For years on this blog, I have posited a link a between IQ and options/stock trading success, in that smarter traders tend to be more successful than less intelligent ones. Aggressive out-of-money call options trading, which is the dominant strategy on the hugely popular Reddit sub /r/WallStreetBets, is often likened to playing the lottery, as it is assumed that the role of luck dominates any skill. Thus one would be inclined to believe that IQ has little or no bearing on option trading success, because of the outsized perceived role of luck.

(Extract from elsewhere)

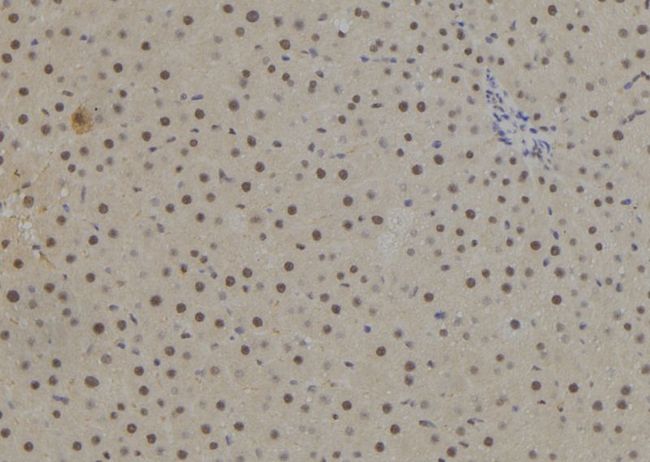 NR2E1 / TLX Antibody - 1:100 staining rat liver tissue by IHC-P. The sample was formaldehyde fixed and a heat mediated antigen retrieval step in citrate buffer was performed. The sample was then blocked and incubated with the antibody for 1.5 hours at 22°C. An HRP conjugated goat anti-rabbit antibody was used as the secondary.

However, the evidence possibly show otherwise, that in spite of the seemingly normal–hence, random–distribution of option trading returns, it is still possible to find traders who beat the odds and exhibit actual skill. As further evidence of the role of IQ in trading success, and how having a high IQ is highly predictive of option trading success on /r/WallStreetBets, a recent story from the Wall St. Journal caught my attention, as it agrees with my hypothesis–A small-time trader turns $500 into more than $200,000.. The article is paywalled, but it is about Anubhav Guha, an MIT graduate and participant of r/WallStreetBets, who turned $500 into $200,000 with Gamestock call options during the infamous GameStock short-sqeeze in January 2021, which nearly bankrupted two hedge funds that were short the stock.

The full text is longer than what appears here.